This study published in the journal Physical Letter Review claims that early primordial black holes formed right after the Big Bang could be responsible for the production of heavy metals in the Milky Way and several other galaxies.

"Scientists know that these heavy elements exist, but they're not sure where these elements are being formed," Kusenko said. "This has been really embarrassing."

The research suggests that when a primordial black hole comes across a neutron star, the interaction could lead to interesting galactic phenomenon. A neutron star is the remains of a supernova explosion which happens after a star dies.

The fusing of giant primordial black holes and neutron stars could have bestowed several galaxies in the universe with bling.

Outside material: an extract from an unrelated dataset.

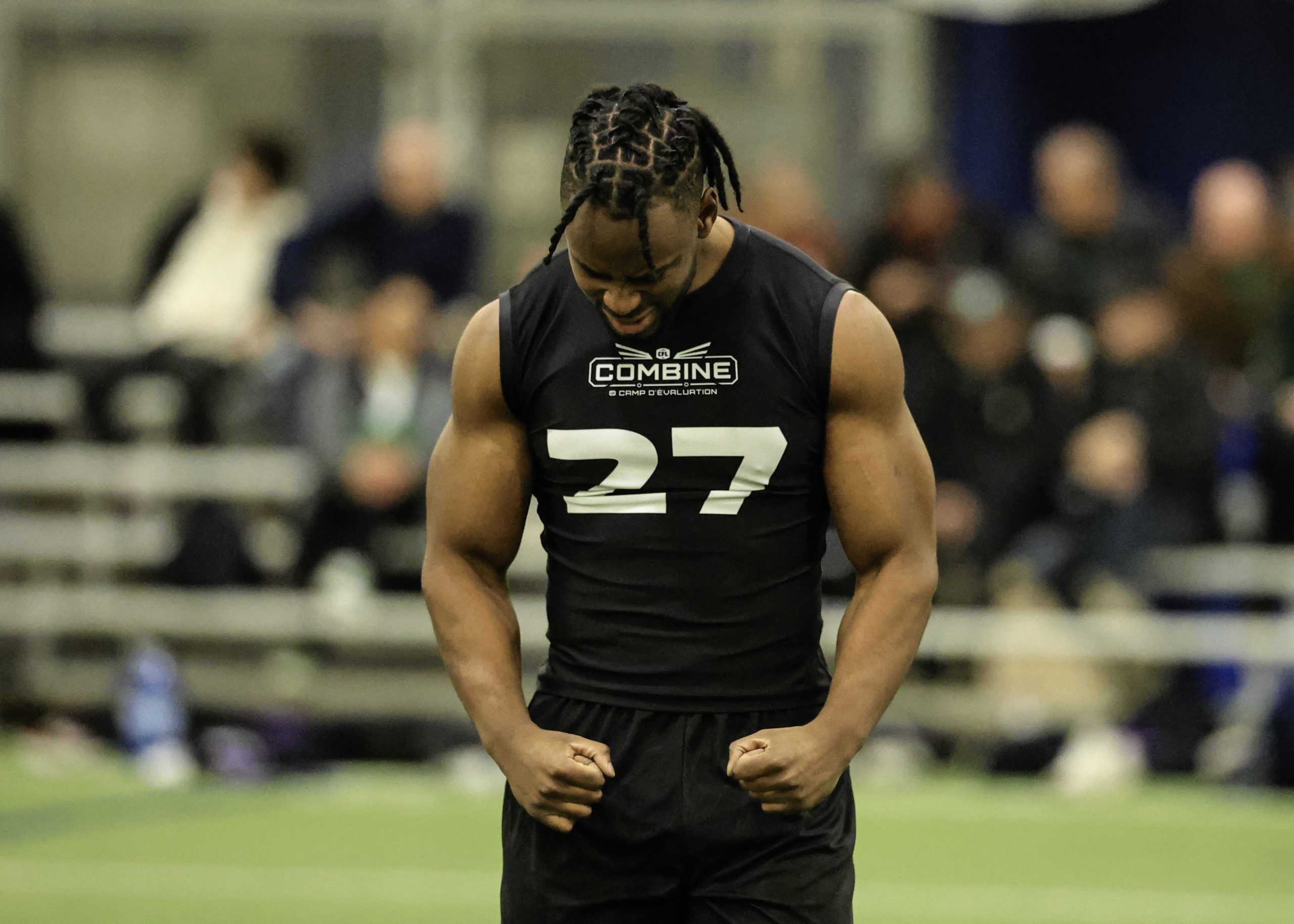 Athlete at fitness evaluation event, wearing number 27 shirt.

A primordial black hole consumes any neutron star that it comes across. This is a long drawn out — 10,000 year — but a steady celestial union which showers nearby bodies with gold and silver. As the neutron star enters the black hole, it shrinks. The spinning becomes progressively faster causing fragments of dead star dust to fly off. This neutron rich surface would have been the perfect environment for metals to fuse and form heavier metals.

The theory states that the initial expansion of the universe after the Big Bang released a field of energy. Energy clumps separated from the main field to form floating pockets of energy which gravitated toward each other. The combined energy produced could have been enough to form the first primordial black holes.

This unites recent findings of a massive black hole at the centre of our galaxy and the long-standing wonder of why there are no neutron stars present in the area. The primordial black holes formed could have interacted with the neutron stars and led to the Milky Way and the nearby galaxies getting heavy metals.

This theory could further the study of primordial black holes. The data obtained from nearby galaxies and heavy metal content in them could provide a comparative platform to establish the presence of primordial galaxy, origin of heavy metals and the lack of neutron stars in the centre of our galaxy.

Kusenko and his colleagues plan on collaborating with scientists at Princeton University to analyze computer simulations of the neutron star-black hole interaction. The byproducts of the simulations could provide important data to support this theory and enhance our knowledge of the dark pockets of our universe, dark matter and heavy metals.